New report shows growth in U.S. solar component exports, highlighting the country’s key role in the solar energy supply chain.

A report on solar energy trade released by the Solar Energy Industries Association (SEIA) and GTM Research found that the United States had net exports of solar energy components worth $1.9 billion in 2010. According to the report, 2010 was a record year, with continued growth in U.S. solar energy productions. The results emphasize the United States’ important place in the worldwide solar production chain.

The report, titled U.S. Solar Energy Trade Assessment 2011, calculated U.S. trade in solar components and modules.

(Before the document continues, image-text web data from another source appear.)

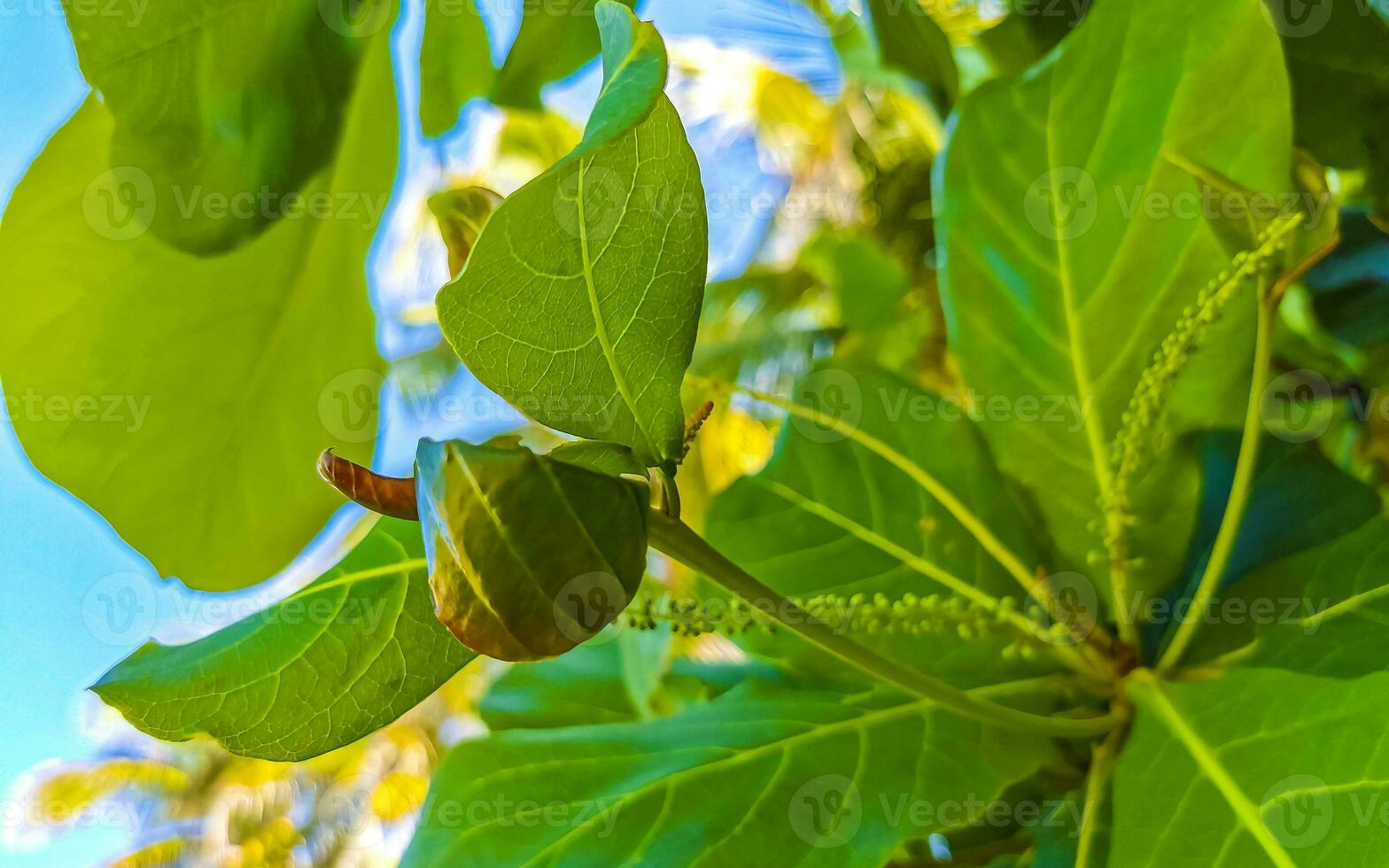 noccioline semi su tropicale albero terminalia catappa mare mandorla Messico. foto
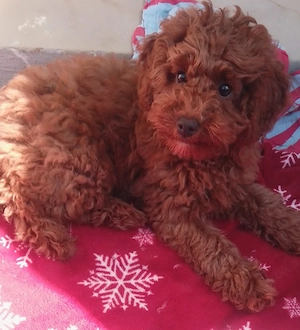 Toypudel Welpen kleine 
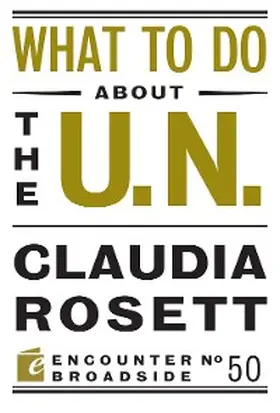 Rosett |  What to Do About the U.N. | eBook | Sack Fachmedien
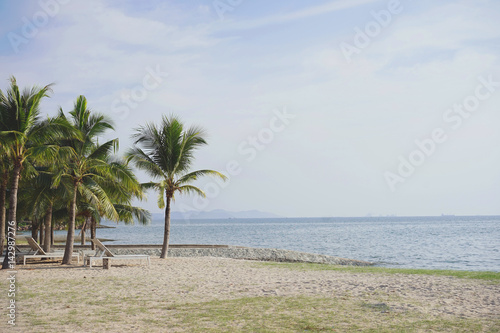 Beach with coconut trees and daybed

U.S. firms exported $5.6 billion worth of product, including $2.5 billion in polysilicon raw materials. Over 99% of these exports were PV components, with the rest being solar heating and cooling system components.

Most U.S.-made parts went to Germany and China, while imports to the U.S. consisted mostly of PV modules, primarily assembled in China and Mexico. The assessment also noted that the U.S. was a net exporter of solar products to China by over $240 million.

Rhone Resch, president and CEO of SEIA, pointed out the solar industry’s stellar performance compared to other flailing sectors in the U.S. “As the global solar industry continues to grow and evolve, the U.S. is seen more and more as a leading market – both in installations and in exports. Solar is a showcase industry of U.S. ingenuity,” he said.

Resch had a message for policymakers, too. “[To] maintain our competitive advantage, we need innovative, proactive solutions from policymakers to match the investments being provided overseas to grow robust solar supply chains. Doing so will result in new jobs and opportunities for communities that have seen their factories close up shop in recent years,” he said.